*Problem to work on*.
In your copy, include every line of the listing below exactly but none of the pictures.
━━━ Data shown
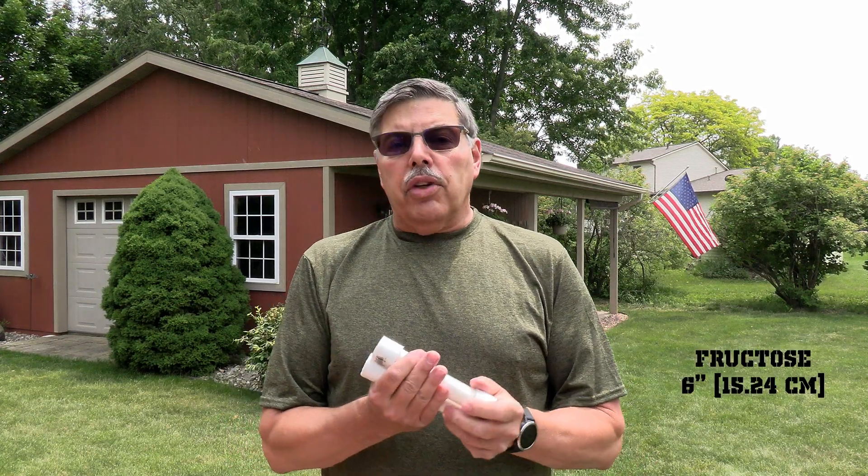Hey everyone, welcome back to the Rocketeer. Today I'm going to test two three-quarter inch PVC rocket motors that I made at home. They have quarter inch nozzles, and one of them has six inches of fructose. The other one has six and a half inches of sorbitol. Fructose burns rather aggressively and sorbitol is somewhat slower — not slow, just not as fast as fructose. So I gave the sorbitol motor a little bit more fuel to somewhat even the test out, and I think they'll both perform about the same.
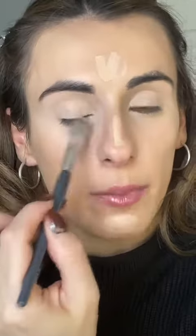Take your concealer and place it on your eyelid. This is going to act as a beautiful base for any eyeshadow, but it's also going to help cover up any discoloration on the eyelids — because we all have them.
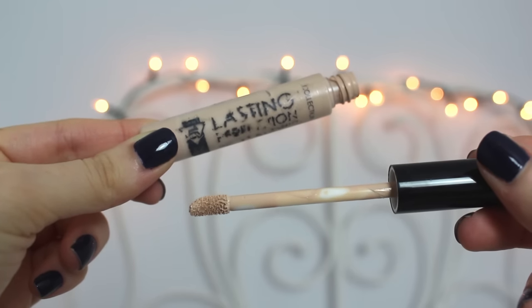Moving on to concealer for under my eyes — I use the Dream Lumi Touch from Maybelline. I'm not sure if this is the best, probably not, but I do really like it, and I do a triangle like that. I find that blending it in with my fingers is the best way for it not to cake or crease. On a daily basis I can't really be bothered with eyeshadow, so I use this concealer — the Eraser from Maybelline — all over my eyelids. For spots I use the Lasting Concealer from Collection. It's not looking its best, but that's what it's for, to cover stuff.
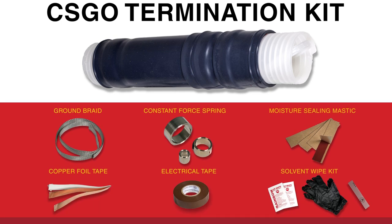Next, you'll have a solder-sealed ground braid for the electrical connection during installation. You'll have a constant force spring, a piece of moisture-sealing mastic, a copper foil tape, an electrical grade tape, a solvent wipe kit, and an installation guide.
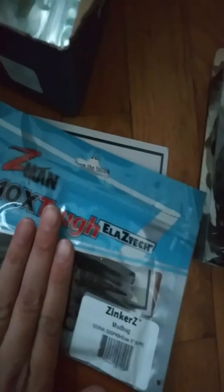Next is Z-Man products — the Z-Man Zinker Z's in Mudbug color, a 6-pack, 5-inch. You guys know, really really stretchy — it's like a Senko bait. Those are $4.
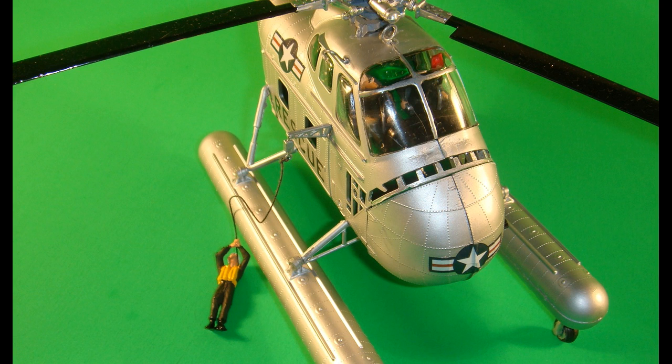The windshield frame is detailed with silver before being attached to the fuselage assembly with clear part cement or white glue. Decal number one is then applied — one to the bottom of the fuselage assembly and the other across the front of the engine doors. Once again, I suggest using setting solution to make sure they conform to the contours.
━━━━━━
*Answer to this problem*.
Hey everyone, welcome back to the Rocketeer. Today I'm going to test two three-quarter inch PVC rocket motors that I made at home. They have quarter inch nozzles, and one of them has six inches of fructose. The other one has six and a half inches of sorbitol. Fructose burns rather aggressively and sorbitol is somewhat slower — not slow, just not as fast as fructose. So I gave the sorbitol motor a little bit more fuel to somewhat even the test out, and I think they'll both perform about the same.
Take your concealer and place it on your eyelid. This is going to act as a beautiful base for any eyeshadow, but it's also going to help cover up any discoloration on the eyelids — because we all have them.
Moving on to concealer for under my eyes — I use the Dream Lumi Touch from Maybelline. I'm not sure if this is the best, probably not, but I do really like it, and I do a triangle like that. I find that blending it in with my fingers is the best way for it not to cake or crease. On a daily basis I can't really be bothered with eyeshadow, so I use this concealer — the Eraser from Maybelline — all over my eyelids. For spots I use the Lasting Concealer from Collection. It's not looking its best, but that's what it's for, to cover stuff.
Next, you'll have a solder-sealed ground braid for the electrical connection during installation. You'll have a constant force spring, a piece of moisture-sealing mastic, a copper foil tape, an electrical grade tape, a solvent wipe kit, and an installation guide.
Next is Z-Man products — the Z-Man Zinker Z's in Mudbug color, a 6-pack, 5-inch. You guys know, really really stretchy — it's like a Senko bait. Those are $4.
The windshield frame is detailed with silver before being attached to the fuselage assembly with clear part cement or white glue. Decal number one is then applied — one to the bottom of the fuselage assembly and the other across the front of the engine doors. Once again, I suggest using setting solution to make sure they conform to the contours.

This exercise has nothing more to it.